(Task data begins)

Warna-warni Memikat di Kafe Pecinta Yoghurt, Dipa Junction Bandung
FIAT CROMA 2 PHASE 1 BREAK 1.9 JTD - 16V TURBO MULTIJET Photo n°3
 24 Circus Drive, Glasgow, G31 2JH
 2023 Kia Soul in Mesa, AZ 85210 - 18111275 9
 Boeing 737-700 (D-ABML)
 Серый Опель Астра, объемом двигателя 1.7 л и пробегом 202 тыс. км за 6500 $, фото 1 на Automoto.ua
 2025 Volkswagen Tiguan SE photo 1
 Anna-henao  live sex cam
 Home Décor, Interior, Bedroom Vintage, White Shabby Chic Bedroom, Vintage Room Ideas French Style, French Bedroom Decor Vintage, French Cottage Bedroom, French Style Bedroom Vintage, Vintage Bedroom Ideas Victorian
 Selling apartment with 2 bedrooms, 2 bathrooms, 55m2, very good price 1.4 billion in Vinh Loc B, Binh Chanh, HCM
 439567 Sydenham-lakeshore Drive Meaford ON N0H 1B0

(Task data ends)

What to produce =
Word for word, restate the lines of the data above that fall between the line holding "live sex cam" and the line holding "Selling apartment with", inclusive, and no other lines.

Result for this task =
 Anna-henao  live sex cam
 Home Décor, Interior, Bedroom Vintage, White Shabby Chic Bedroom, Vintage Room Ideas French Style, French Bedroom Decor Vintage, French Cottage Bedroom, French Style Bedroom Vintage, Vintage Bedroom Ideas Victorian
 Selling apartment with 2 bedrooms, 2 bathrooms, 55m2, very good price 1.4 billion in Vinh Loc B, Binh Chanh, HCM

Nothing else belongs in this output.